How to detect if a string contains hindi (devnagri) in it with character and word count

Below is a example string -
$string = "abcde वायरस abcde"
I need to check weather this string contains any Hindi (Devanagari) content and if so the count of characters and words. I guess regex with unicode character class can work http://www.regular-expressions.info/unicode.html. But I am not able to figure out the correct regex statement.

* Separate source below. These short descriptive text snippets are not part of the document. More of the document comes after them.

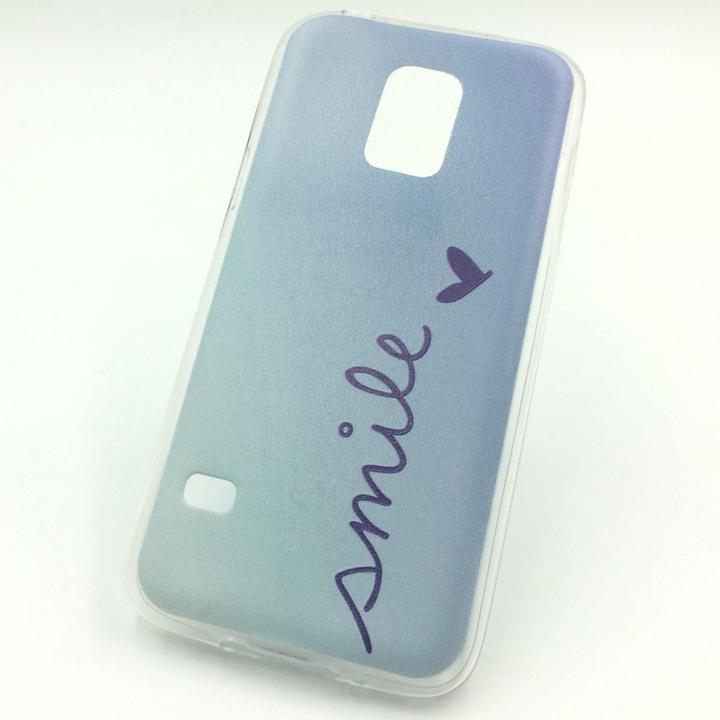 Actual product image König Design Protective Mobile Case for Samsung Galaxy S5 Mini Case Cover Bumper Case Shell Blue (Samsung Galaxy S5 Mini)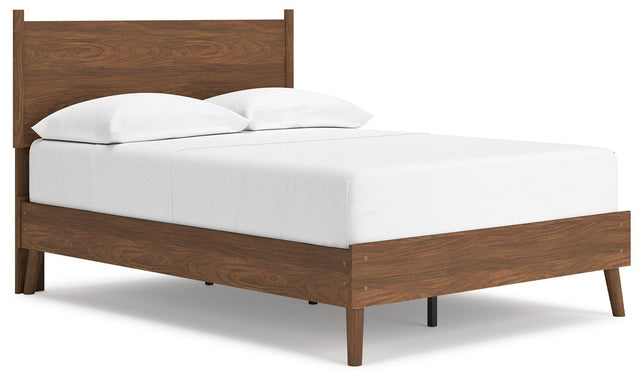 Ashley Fordmont - Cognac - Full Panel Bed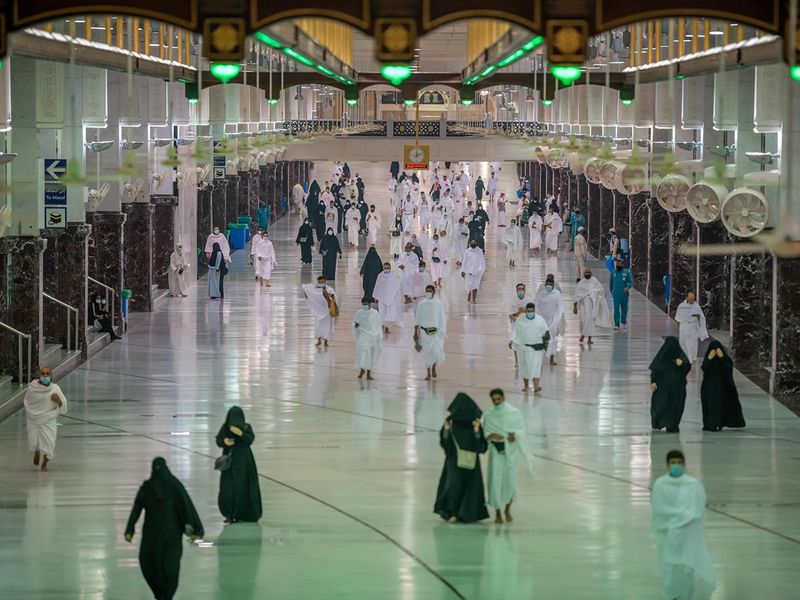 Umrah in Saudi Arabia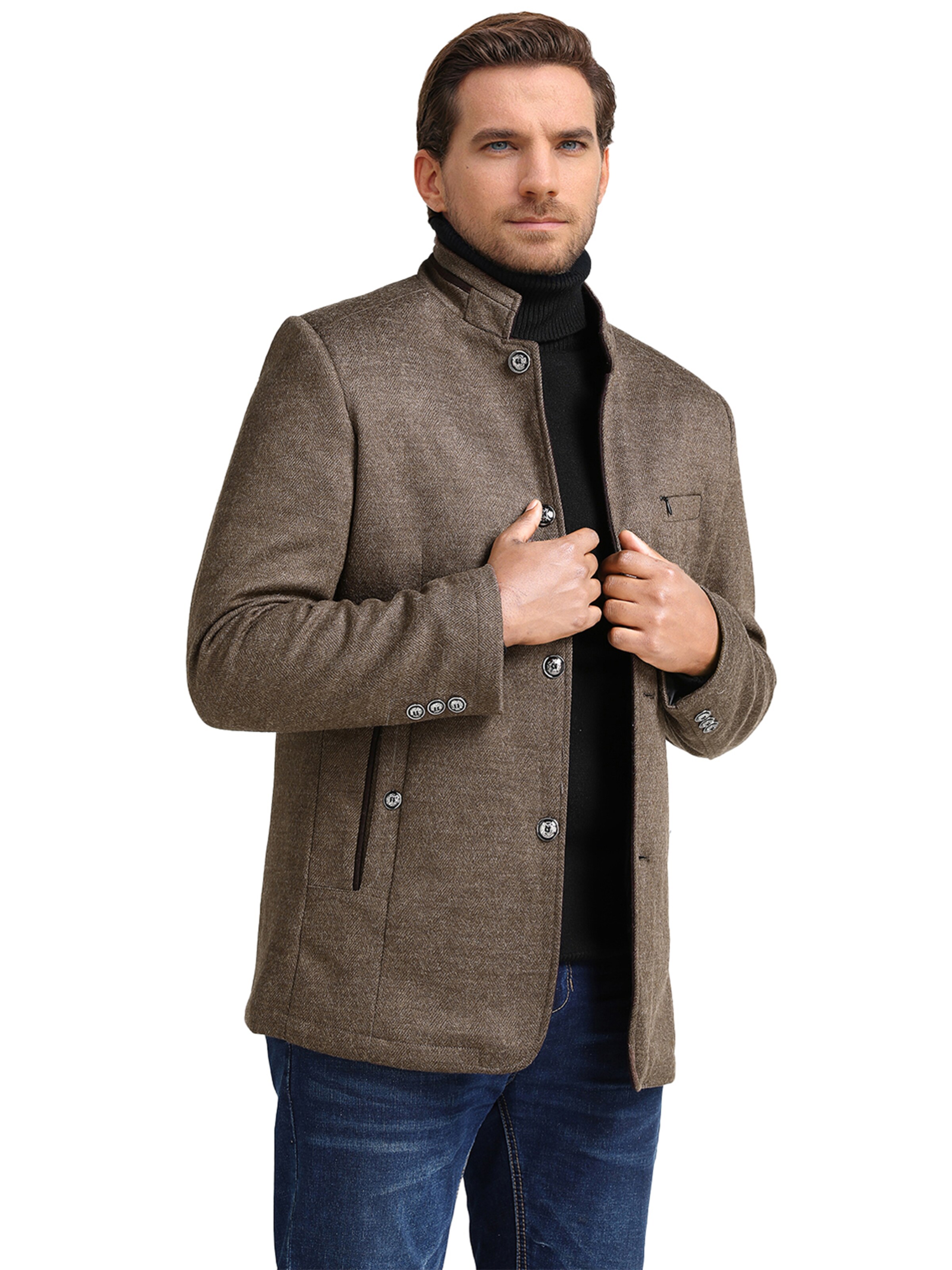 Youthup Winter Coat in Green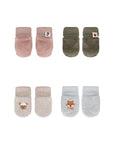 EMBROIDERED MITTENS – GOTS – AW26
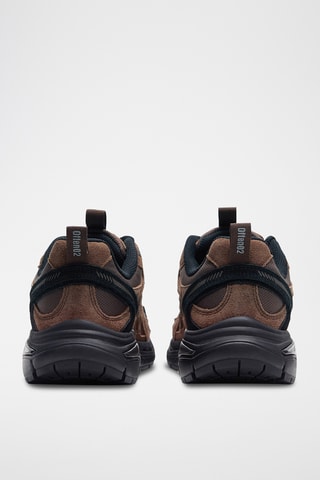 Nubuck Sneakers - Bruin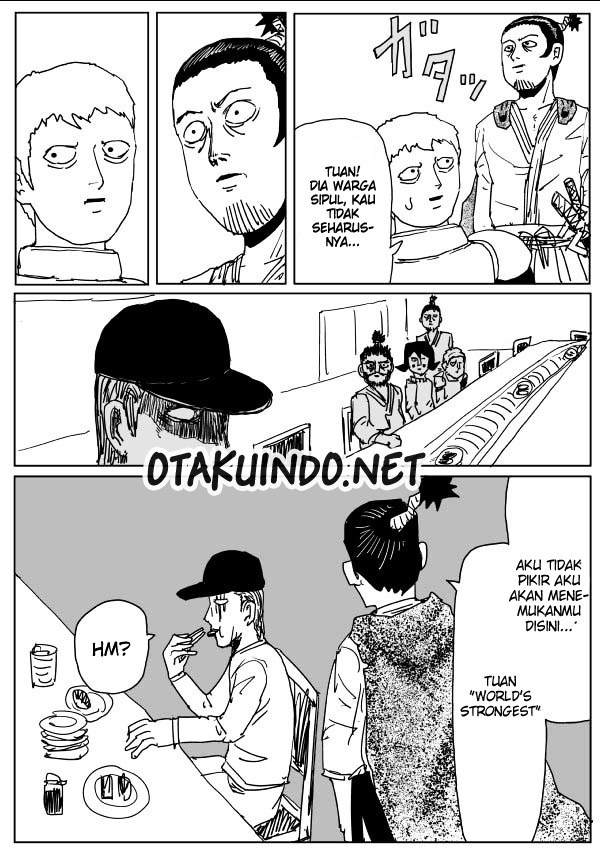 One Punch-Man (ONE) Chapter 109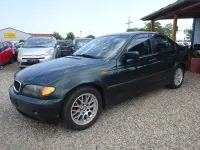 Gebraucht BMW 316 116 PS (85 kW) 2001 Grün Limousine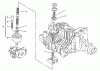 Toro 72064 (265-H) - 265-H Lawn and Garden Tractor, 1998 (8900001-8900599) Listas de piezas de repuesto y dibujos PUMP SHAFT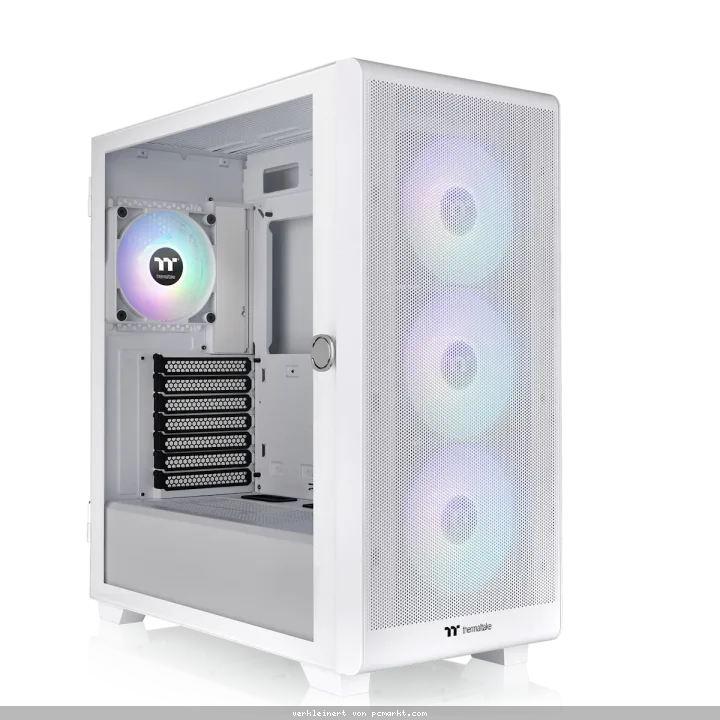 Thermaltake S250 TG ARGB Snow White | PC-Gehäuse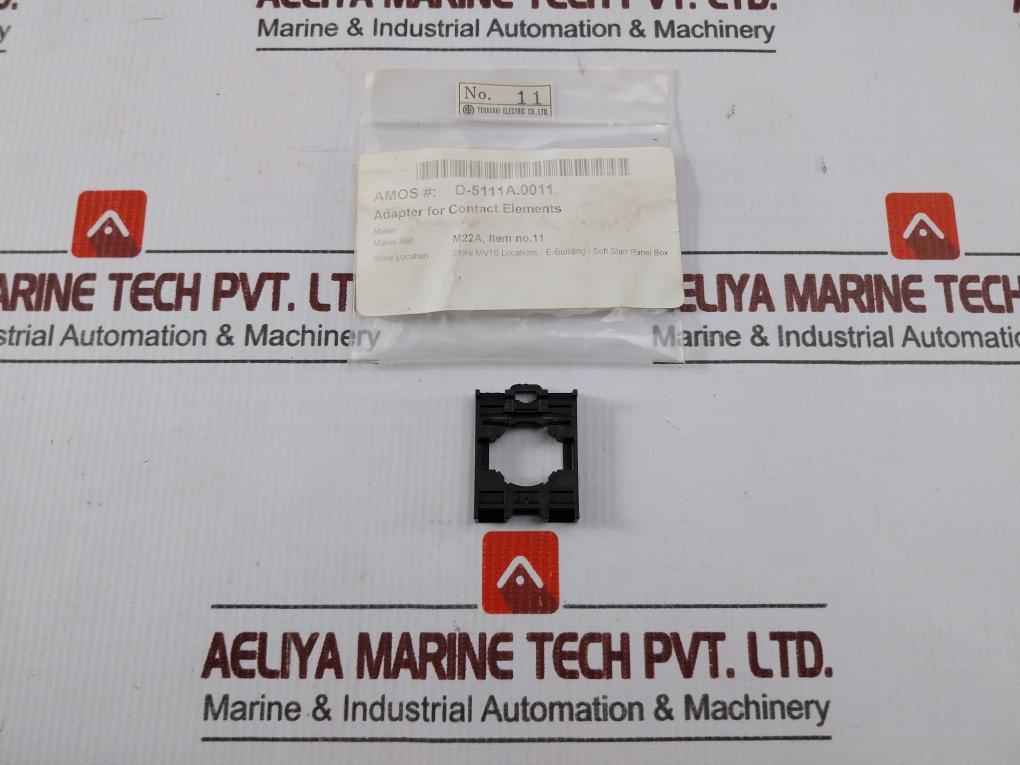 Lot Of 2X Eaton M22A Pushbutton Mounting Adapter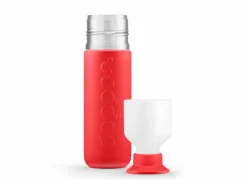 Thermosfles Dopper 35 cl - RVS - Rood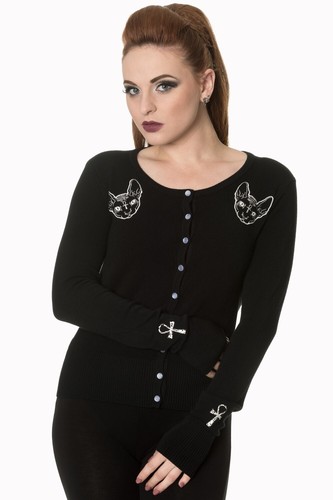 Banned apparel black gothic - apparel,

To find out, if a string contains a Hindi (Devanagari) character, you need to have a full list of all Hindi characters. According to this website, the Hindi characters are the hexadecimal characters between 0x0900 and 0x097F (decimal 2304 to 2431).
The regular expression pattern needs to match, if any of those characters are in the set. Therefore, you can use a pattern (actually a set of characters) to match the string, which looks like this:
[\u0900\u0901\u0902 ... \u097D\u097E\u097F]
Because it is rather cumbersome to manually write this list of characters down, you can generate this string by iterating over the decimal characters from 2304 to 2431 or over the hexadecimal characters.
To count all words containing at least one Hindi character, you can use the following pattern. It contains white-space (\s) around the word or the beginning (^) or the end ($) around the word, and a global flag, to match every occurence (/g):
/(?:^|\s)[\u0900\u0901\u0902 ... \u097D\u097E\u097F]+?(?:\s|$)/g
Here is a live implementation in JavaScript:
var numberOfHindiCharacters = 128;
var unicodeShift = 0x0900;
var hindiAlphabet = [];
for(var i = 0; i < numberOfHindiCharacters; i++) {
hindiAlphabet.push("\\u0" + (unicodeShift + i).toString(16));
}
var regex = new RegExp("(?:^|\\s)["+hindiAlphabet.join("")+"]+?(?:\\s|$)", "g");
var string1 = "abcde वायरस abcde";
var string2 = "abcde abcde";
[ string1.match(regex), string2.match(regex) ].forEach(function(match) {
if(match) {
console.log("String contains " + match.length + " words with Hindi characters only.");
} else {
console.log("String does NOT contain any words with Hindi characters only.");
}
});

It should be a range. The list of all characters is not required.
The following will detect a Devanagari word
[\u0900-\u097F]+